Situation: A founder CEO is faced with two options – either selling his company or buying a complimentary company. The acquisition would fulfill his dream as CEO, but he is concerned both about the synergy between the two entities and his ability to manage the combined company. Should he sell, or buy the other company?
Advice from the CEOs:
- Given these concerns approach the purchase opportunity skeptically. Be more prepared to say no than yes.
- In evaluating his ability to run a
larger operation, the CEO should objectively assess his own abilities.
- A good CEO is not a Superman. A good CEO creates a viable business model and vision and hires a good team to bring that model to reality.
- Consider past accomplishments.

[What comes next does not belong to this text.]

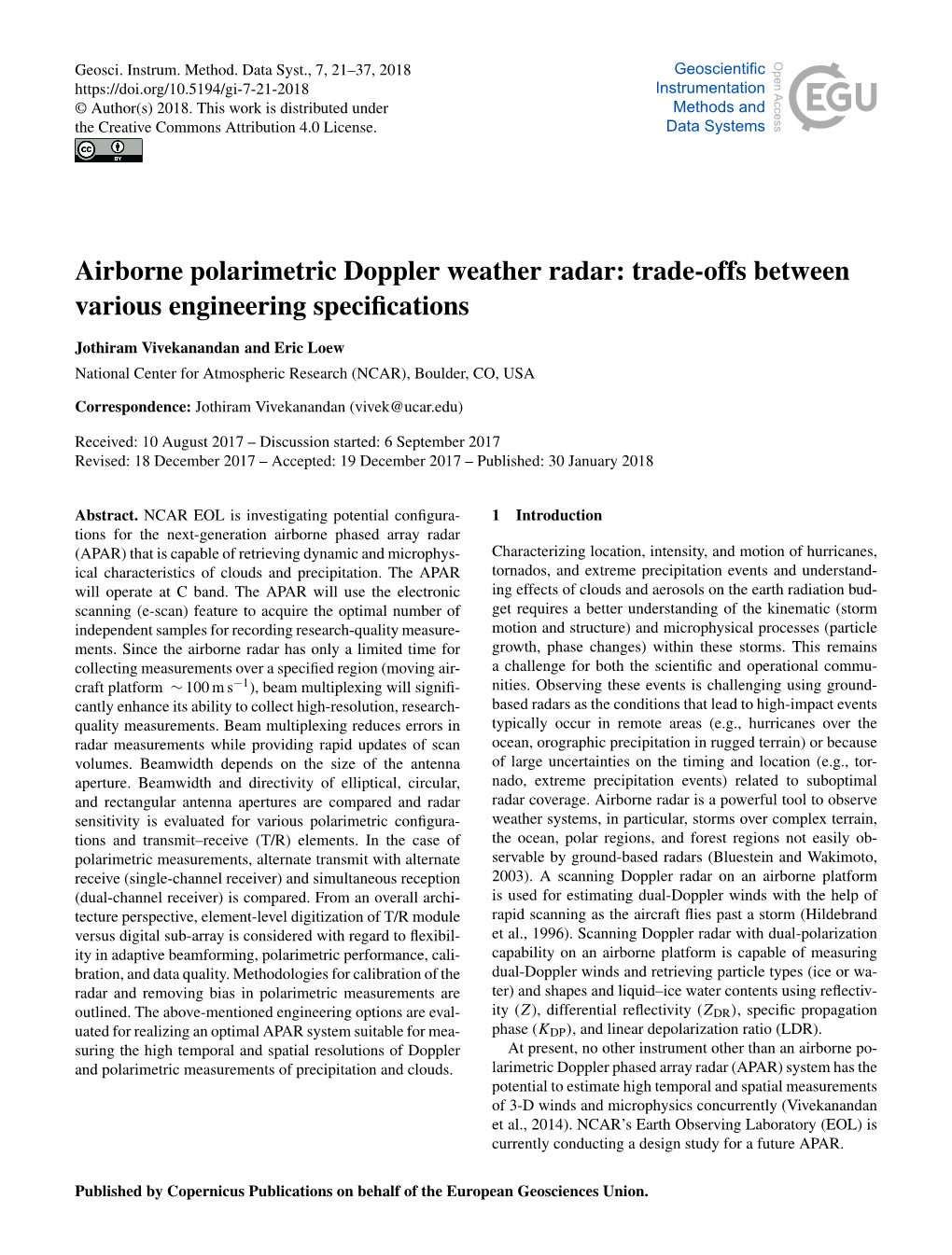 Airborne Polarimetric Doppler Weather Radar: Trade-Offs Between Various Engineering Speciﬁcations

In an industry where nobody makes money the CEO has created a business model that is sustainable, highly profitable, and technically superior. The only thing lacking is size in terms of revenue.
- The new opportunity – on the right terms – can launch the company from dominance in a niche to dominance in a significantly larger industry.
- Assess the new opportunity both as a
technical and cultural match. If there is a good cultural match:
- Fewer things must go right to add value.
- The purchase provides a channel to a larger market.
- The acquisition will rapidly speed company growth.
- The biggest concern will be the time to manage both entities.
- The most important factor will be the chemistry between the two company teams. If the chemistry is good, the combination offers reasonable assurance that the two teams will complement each other.
- Look at the purchase as an opportunity to build a win-win with enduring value.
- In considering outside investors to support the acquisition, be cautious about financial partners and the conditions behind each financing option.